December's Track Record Isn't Exactly Comforting
So can December turn things around? The historical data offers a complicated answer.
Since 1999, December has been slightly positive for Nvidia on average, posting a 3.2% return with a 62% win rate. That sounds okay until you look at recent history, which tells a much darker story. Over the past decade, December has actually been Nvidia's worst-performing month on average, with a 1.69% loss and only four positive months out of the last ten. Even more striking: Nvidia has finished December in the red in four of the past five years.
Looking at what happened after previous November disasters doesn't provide much clarity either. In 2000, after November dropped 34.8%, December delivered another brutal 19.1% decline. But in 2007 and 2008, the stock rebounded nicely with gains of 7.86% and 8% respectively after double-digit November losses. Then in 2018, another 18.3% decline followed the November slump.

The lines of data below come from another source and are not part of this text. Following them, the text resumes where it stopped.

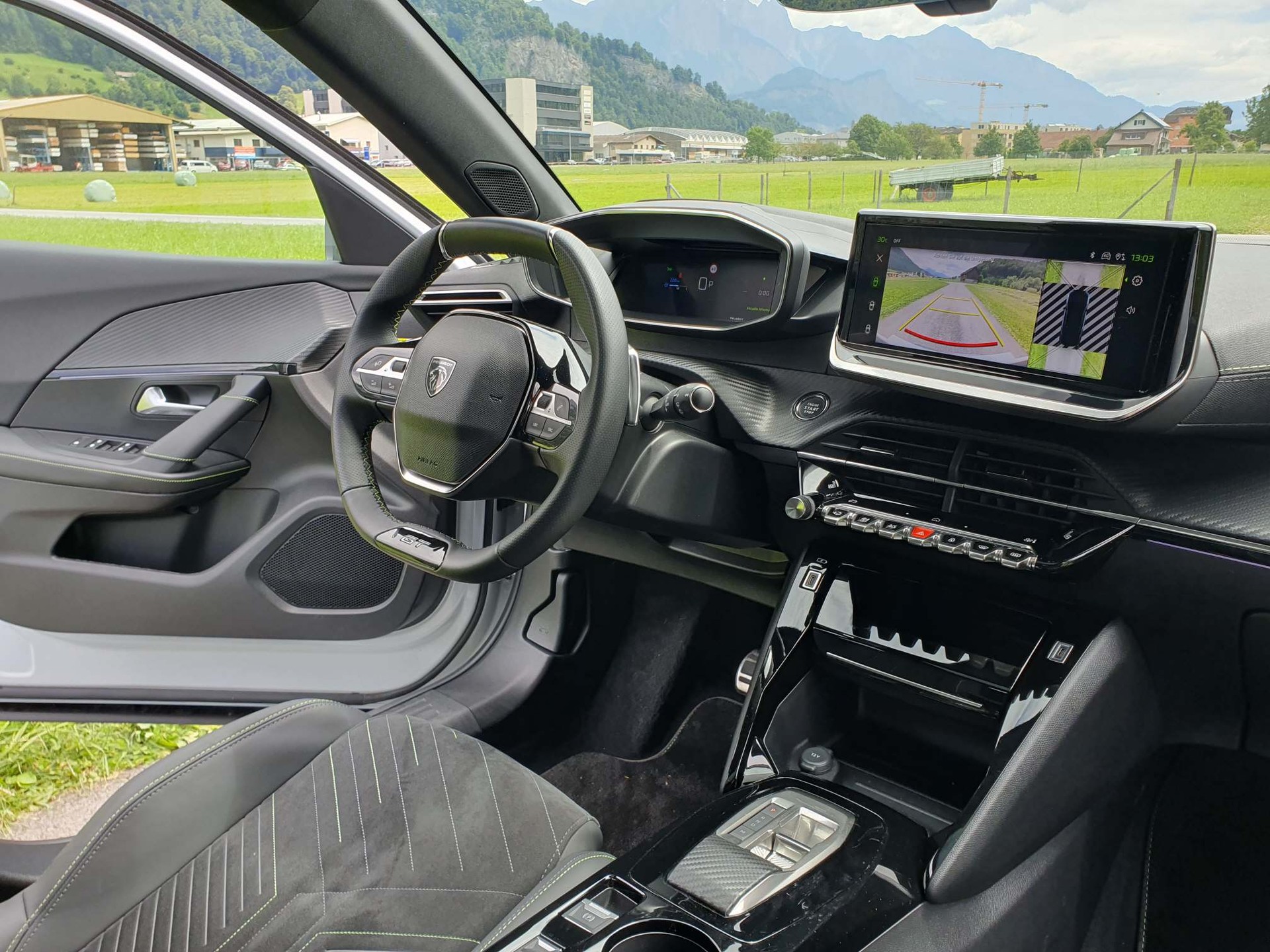 PEUGEOT 2008 1.2 GT 130 GT-image-11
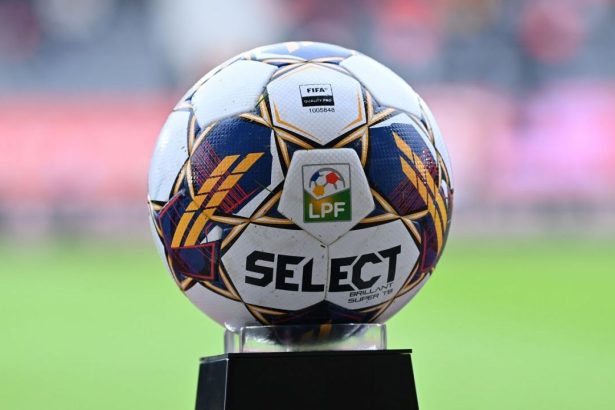 bookmakerii au decis ce cote au echipele din play off pentru castigarea titlului in superliga 67c4343860a44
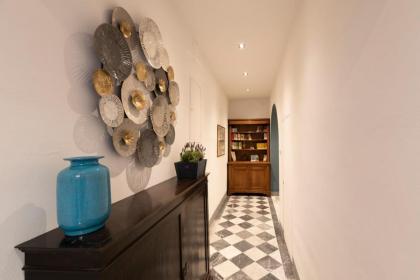Dimora D'Azeglio with private patio - image 17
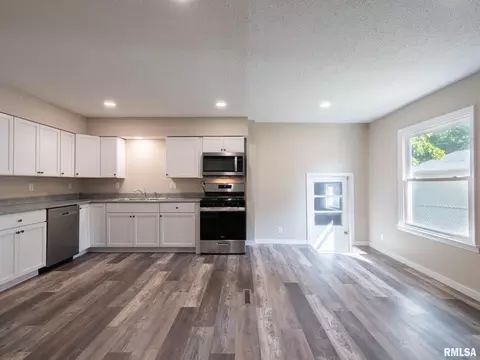 1350 E Chestnut St, Canton, IL 61520 photo 7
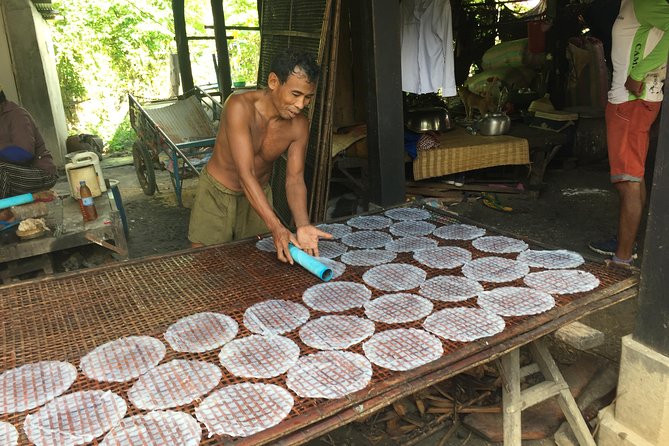 Local Livelihood Full Day Bike Tour in Battambang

In other words, past performance suggests absolutely nothing about what comes next.
| Year | November (%) | December (%) |
|---|---|---|
| 1999 | 56.50 | 35.56 |
| 2000 | -34.83 | -19.10 |
| 2001 | 27.48 | 22.44 |
| 2002 | 43.95 | -32.81 |
| 2003 | 20.08 | 9.28 |
| 2004 | 32.20 | 23.16 |
| 2005 | 7.75 | 1.13 |
| 2006 | 6.08 | 0.05 |
| 2007 | -10.85 | 7.86 |
| 2008 | -14.73 | 8.03 |
| 2009 | 9.20 | 43.03 |
| 2010 | 13.21 | 13.16 |
| 2011 | 5.61 | -11.32 |
| 2012 | -0.04 | 2.42 |
| 2013 | 2.71 | 2.69 |
| 2014 | 7.32 | -4.39 |
| 2015 | 11.81 | 3.91 |
| 2016 | 29.57 | 15.77 |
| 2017 | -2.95 | -3.59 |
| 2018 | -22.48 | -18.31 |
| 2019 | 7.82 | 8.56 |
| 2020 | 6.92 | -2.59 |
| 2021 | 27.81 | -9.99 |
| 2022 | 25.38 | -13.64 |
| 2023 | 14.69 | 5.88 |
| 2024 | 4.14 | -2.86 |
| Average | 10.55% | 3.24% |
| % Positive | 77% | 62% |
What It All Means
Nvidia's November weakness, despite stellar earnings, tells us something important about where we are in the AI investment cycle. Fundamentals still matter, but so do valuations and competitive dynamics. The fact that the stock is falling while the business is thriving suggests that investors are starting to price in more realistic growth expectations and increased competition.
The coming weeks should provide clarity on whether this pullback represents a temporary pause in a longer bull run or something more significant. December's historically mixed performance means we could see anything from a sharp recovery to continued weakness. What's clear is that the AI trade has entered a new, more complicated phase where even dominant players like Nvidia can't take investor enthusiasm for granted anymore.